Camouflet pour Abercrombie & Fitch. La Cour suprême des Etats-Unis a fustigé lundi le refus de la marque américaine d'employer Samantha Elauf, qui s'était présentée voilée à son entretien d'embauche. Dans une décision quasi-unanime, la plus haute instance du pays a jugé que la discrimination religieuse à l'embauche n'était pas tolérable, même quand le potentiel salarié ne demande pas explicitement à l'employeur d'adapter le règlement à sa pratique.
L'affaire remonte à 2007, lorsque Samantha Elauf, 17 ans à l'époque, avait postulé en tant que vendeuse dans une boutique Abercrombie pour enfants, en Oklahoma. Elle portait un foulard islamique noir au moment de la rencontre avec l'employeur mais s'était vue refuser le poste.
Supposer que le foulard est islamique. L'entreprise s'est défendue, en assurant qu'il ne s'agissait pas de discrimination, puisque Samantha Elauf, 17 ans à l'époque, n'avait pas mentionné sa confession et encore moins demandé à pouvoir s'habiller différemment des autres vendeurs, astreints à des tenues osées. La jeune fille affirmait au contraire que son éventuel employeur ne pouvait pas ignorer qu'elle était musulmane. L'un des neufs juges qui a présenté la décision a estimé qu'"ici, l'employeur a au moins supposé que [le port du foulard] était de nature religieuse. Son refus d'embaucher était donc motivé par le désir d'éviter d'autoriser cette pratique, et cela suffit".
Aux Etats-Unis, la loi interdit la discrimination religieuse à l'embauche, sauf si l'employeur démontre qu'il ne peut pas "aménager raisonnablement" son activité pour la conformer à une pratique religieuse.

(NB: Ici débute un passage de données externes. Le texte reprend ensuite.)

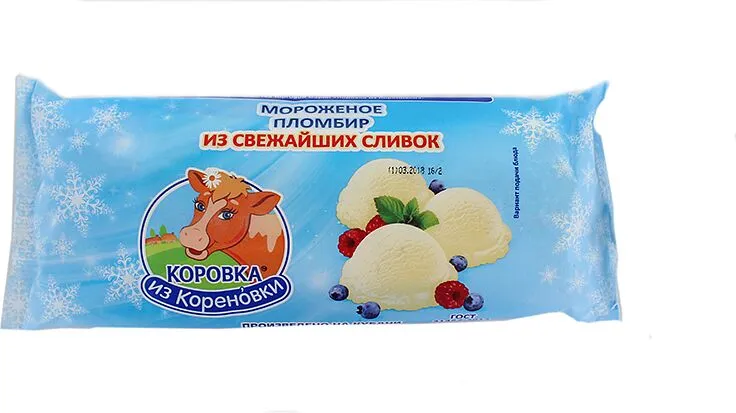 Պաղպաղակ սերուցքային «Коровка из Кореновки Лакомство» 400գ
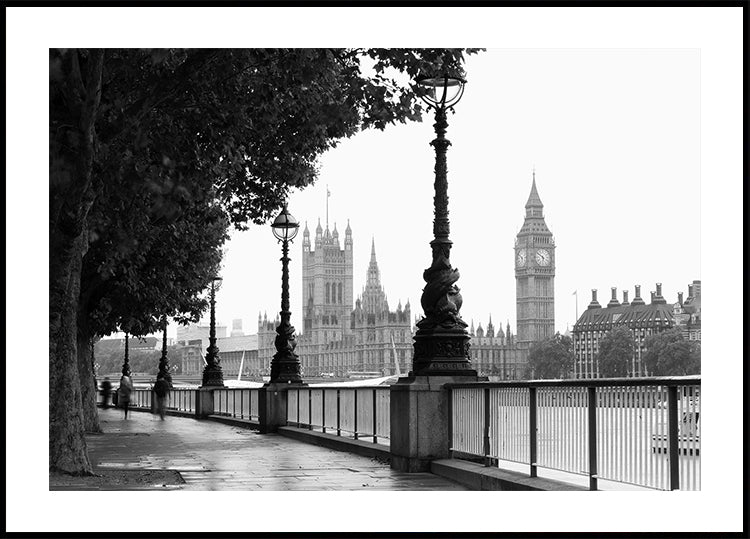 London and Big Ben in Black and White Plakat - Posterbox.dk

Lors d'un premier procès, la jeune femme avait obtenu 20.000 dollars de dommages et intérêts. Mais le procès en appel avait penché en faveur de l'entreprise, ce qui avait poussé Samantha Elauf a déposer un recours devant la Cour suprême, soutenue par un organisme officiel de défense des employés.
Abercrombie retourne sa veste. Depuis l'audience devant la Cour suprême, Abercrombie, sentant probablement le vent tourner, a renoncé à ses mannequins aux torses nus et aux abdos saillants et a décidé de ne plus appeler ses vendeurs des "mannequins" : ils sont maintenant des "représentants de la marque". "Cette affaire remonte à 2008, (...) A&F s'est engagé depuis longtemps en faveur de la diversité et de l'intégration et, conformément à la loi, a accordé nombre d'aménagements religieux quand ils étaient demandés, y compris le foulard", a réagi une porte-parole d'Abercrombie.